Who decides one day: ´I want to go for holiday in Romania! ´. I know, right?! It´s not the first place to come up in mind when thinking about a couple of weeks gettaway and there are so many other places to tick off the list that have a much better tourism promotion and thousands of posts and reviews online.
But somewhere in the South-East of Europe there´s this magical place I come from where nature is majestic and human presence is quiet and perfectly blending its environment.
And the best place to start is the 150 km of impossible sharp turns and breathtaking views – Transfăgărășan .
It´s said to be the best driving road in the world.

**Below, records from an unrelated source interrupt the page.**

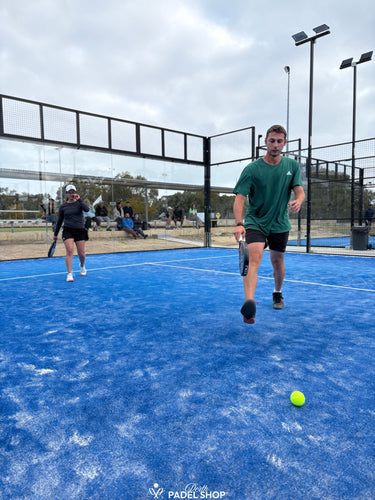 Ultimate Tournament - 28/09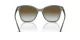 Vogue VO 5520S 3086E8
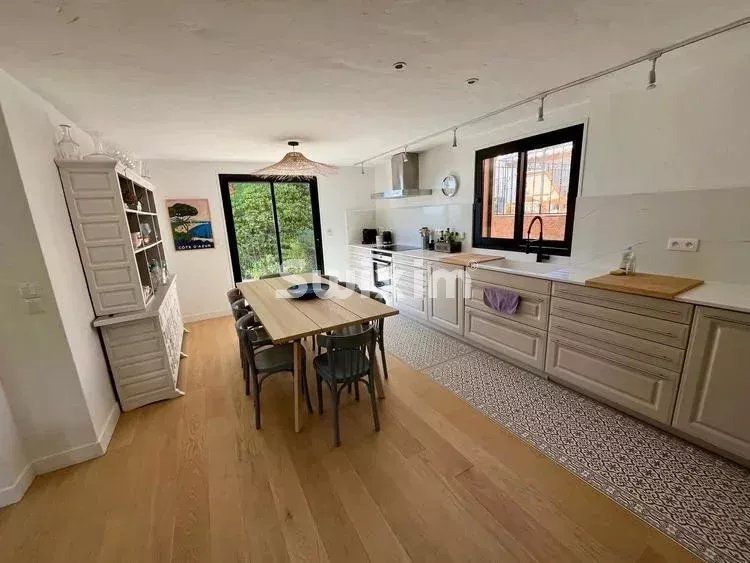 haus 5 Zimmer zum verkauf auf Sainte-Maxime (83120)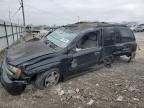 2004 Chevrolet Trailblazer LS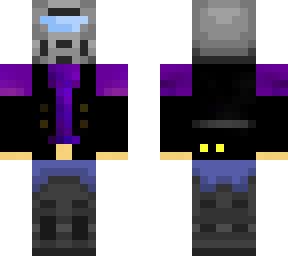 s-bot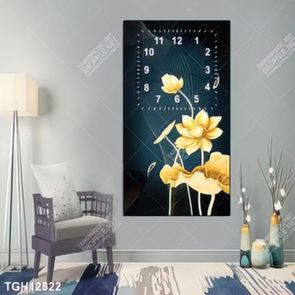 Tranh treo tường ghép bộ nhiều tấm đẹp hiện đại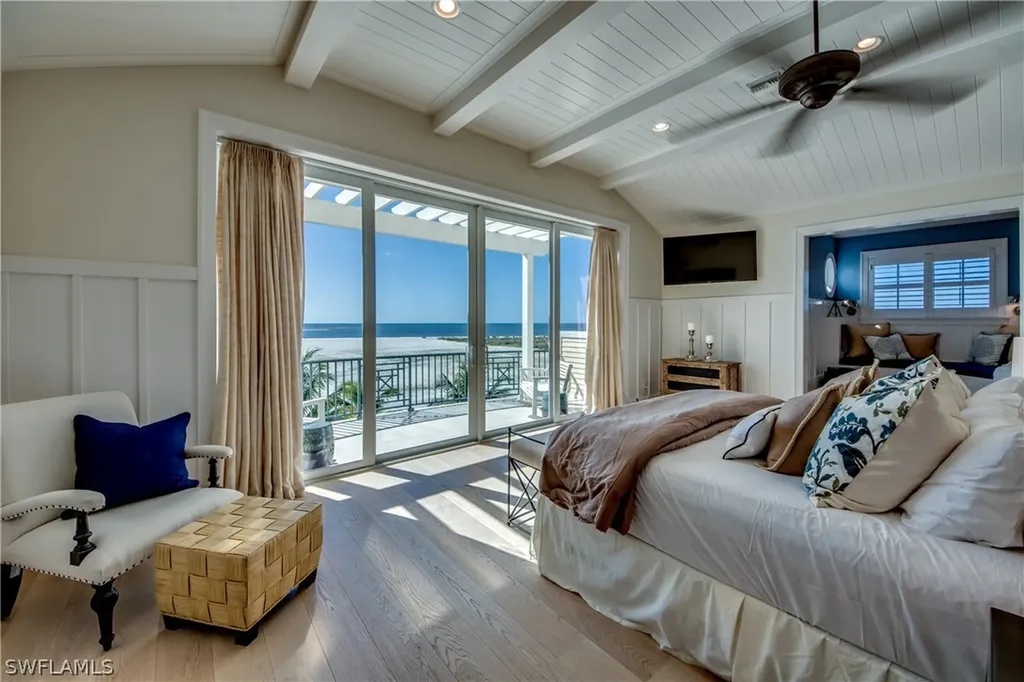 8262 Estero Boulevard Fort Myers Beach FL 33931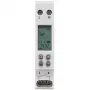 Legrand 003710 modulo pulsante multicolore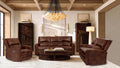 soterios-power-sofa-and-loveseat-motion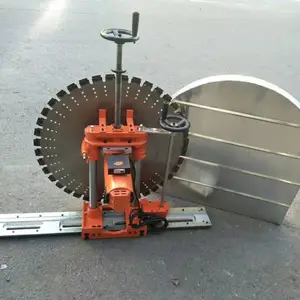 רҵ�����޳�ˮ�翪�ۻ� �ֽ������ǽ���и�� �Ŵ��������и��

I don´t know much about that but I can assure you this place is absolutely spectacular and a must-see when visiting Romania.
To make the most of it start early in the morning and arrive at Bâlea cabin before 9 AM. We are lazy people so we didn´t set off until 10.30 therefore
when we arrived the place was packed with tourists.
The place is gorgeous nonetheless but you´ll be having trouble to find parking, you´ll have to queue for hours for taking a ride in the cable car and your pictures won´t look that great.
The cable car takes you all the way to Bâlea waterfall that you can see in the back and then further up the mountains above the Transfăgărășan road. The waterfall is also reachable by a half an hour hike through the forest.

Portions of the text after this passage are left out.